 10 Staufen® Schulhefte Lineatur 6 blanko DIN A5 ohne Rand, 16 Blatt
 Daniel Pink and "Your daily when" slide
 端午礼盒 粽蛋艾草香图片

+-------+

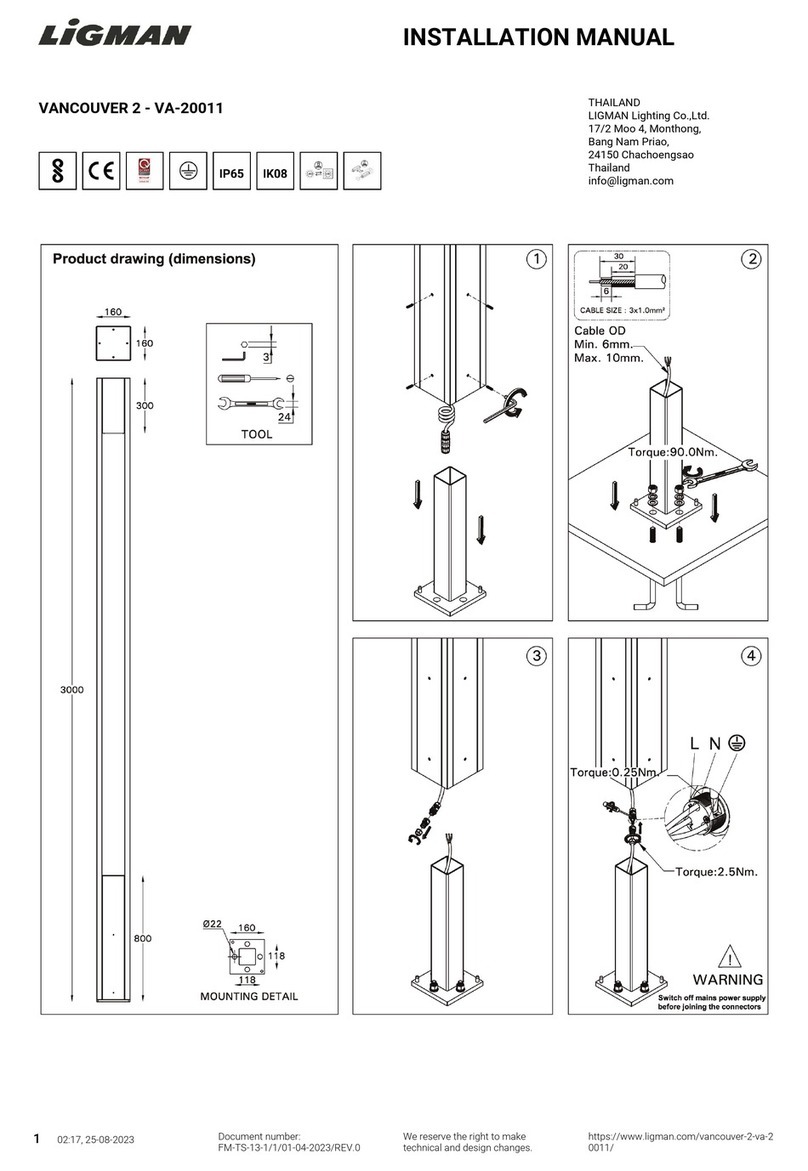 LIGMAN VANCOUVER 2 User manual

+-------+

- _Exercise prompt_
Could you retype exactly the lines above, starting at the line that contains "10 Staufen® Schulhefte" and ending at the line that contains "端午礼盒 粽蛋艾草香图片", and nothing more?

- _Result of this task_
 10 Staufen® Schulhefte Lineatur 6 blanko DIN A5 ohne Rand, 16 Blatt
 Daniel Pink and "Your daily when" slide
 端午礼盒 粽蛋艾草香图片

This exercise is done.